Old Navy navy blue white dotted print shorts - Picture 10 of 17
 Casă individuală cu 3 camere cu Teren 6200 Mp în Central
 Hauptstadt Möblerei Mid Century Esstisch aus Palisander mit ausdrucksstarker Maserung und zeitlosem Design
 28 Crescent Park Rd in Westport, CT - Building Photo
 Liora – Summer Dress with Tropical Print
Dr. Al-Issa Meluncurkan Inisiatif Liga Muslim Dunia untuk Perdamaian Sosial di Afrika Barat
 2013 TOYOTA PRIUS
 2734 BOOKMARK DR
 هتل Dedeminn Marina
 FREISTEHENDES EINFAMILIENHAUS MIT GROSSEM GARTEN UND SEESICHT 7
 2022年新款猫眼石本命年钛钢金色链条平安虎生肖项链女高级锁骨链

··········

Your objective:
Each record should be transcribed exactly as it was written.

Task solution:
Old Navy navy blue white dotted print shorts - Picture 10 of 17
 Casă individuală cu 3 camere cu Teren 6200 Mp în Central
 Hauptstadt Möblerei Mid Century Esstisch aus Palisander mit ausdrucksstarker Maserung und zeitlosem Design
 28 Crescent Park Rd in Westport, CT - Building Photo
 Liora – Summer Dress with Tropical Print
Dr. Al-Issa Meluncurkan Inisiatif Liga Muslim Dunia untuk Perdamaian Sosial di Afrika Barat
 2013 TOYOTA PRIUS
 2734 BOOKMARK DR
 هتل Dedeminn Marina
 FREISTEHENDES EINFAMILIENHAUS MIT GROSSEM GARTEN UND SEESICHT 7
 2022年新款猫眼石本命年钛钢金色链条平安虎生肖项链女高级锁骨链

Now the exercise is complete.